Graham at Greatstone

Graham at Greatstone
Graham at Greatstone

WILLESBOROUGH


Willesborough is a residential suburb, on the eastern side of Ashford, in the county of Kent.
The South Willesborough Dykes area, on the west bank of the River East Stour, is an area of sheep fields drained by dykes. The area is designated as the South Willesborough Dykes Site of Nature Conservation Interest (SNCI). The dykes continue on the east side of the River East Stour and among the residential areas, and a tributary stream (Aylesford Stream) runs between Newtown and South Willesborough and into the East Stour. The smallest ditches dry up completely in summer.

The South Willesborough Dykes are important in terms of the geology of the area, being in the river floodplain and in supporting neutral, wet grassland species, along with Willesborough's Aylesford Green and Boys Hall forming part of the Ashford Green Corridor, although public access is otherwise limited

Boys Hall was built by Thomas Boys in 1616. Its grounds are part of Ashford Green Corridor while the manor house is now an hotel.

The suburb is known for its 1869 windmill near Hythe Road, and St Mary's Church on Church Road, which has one of the oldest ringing bells in Kent.

I have also included here the Old Railway Works, and Newtown, which was built to house the railway workers.

St. Mary the Virgin church. Very difficult to get good pictures of the church as a whole, because of the preponderance of yew trees! But I tried my best......


St Mary's is a shared church used for worship and community, open seven days a week and with a significant 1000 year history.


There is a reference that Pope Clement V in 1075 supplied chrism oil to the church at a cost of 7p per annum. However, it is thought that the church may date from Saxon times when a Saxon, in the time of King Alfred called Æthelfurth, left land of Willesborough to the Abbey of St Augustine.

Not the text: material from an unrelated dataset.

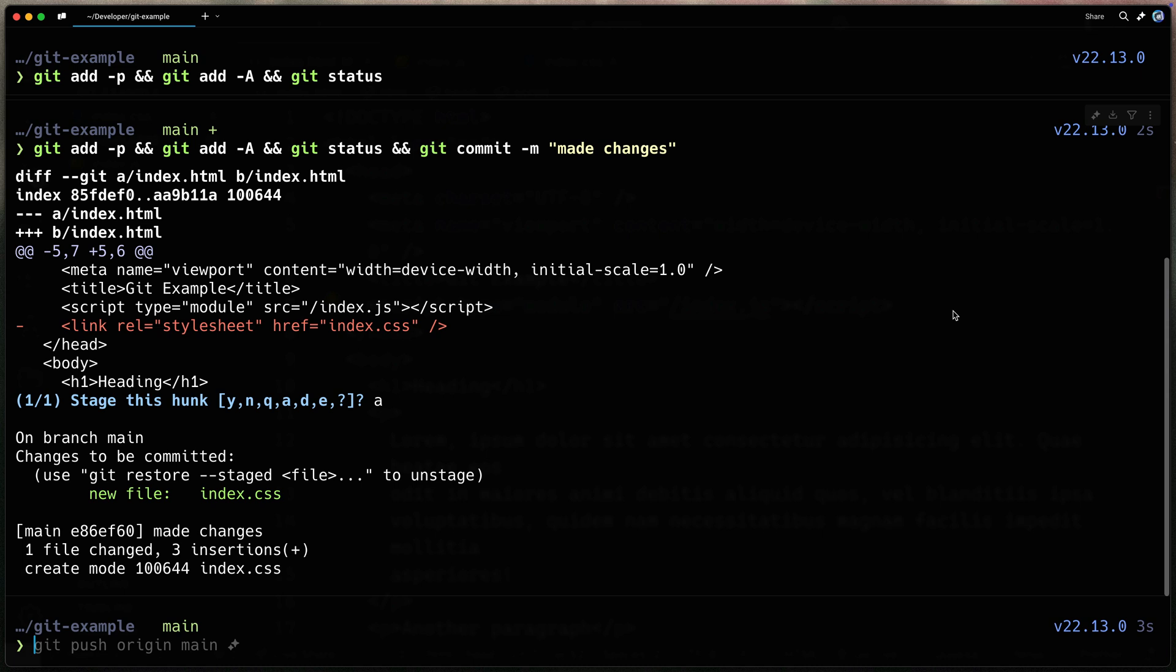Now obviously, I don't want to type that out every time. So I just made a simple Git alias, which you can very quickly do in a .zshrc file or whatever you happen to be using for your shell.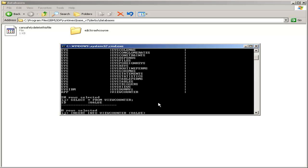Again, we specified the ID as generated always as identity, starting with one and incrementing by one. So we can assume that the ID column will be generated, and in fact, if we try to specify it, since we specified that it is always generated, it will give us an error.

The church remained in the possession of Augustine’s Abbey until the dissolution of the monasteries when it was settled on the Dean and Chapter of Canterbury. The west wall of the south aisle is thought to be an example of very precious early Saxon masonry.

The base of the church tower is dated 13th century with a fine shafted west doorway and lancet window on the southern side. There is a ringing chamber and eight bells in the tower with a Victorian clock above (with two external clock faces) which chimes the hours and quarters.  There are medieval scratched sundials on the inside of the south door to the porch which were used by the clergy to determine the time for matins. 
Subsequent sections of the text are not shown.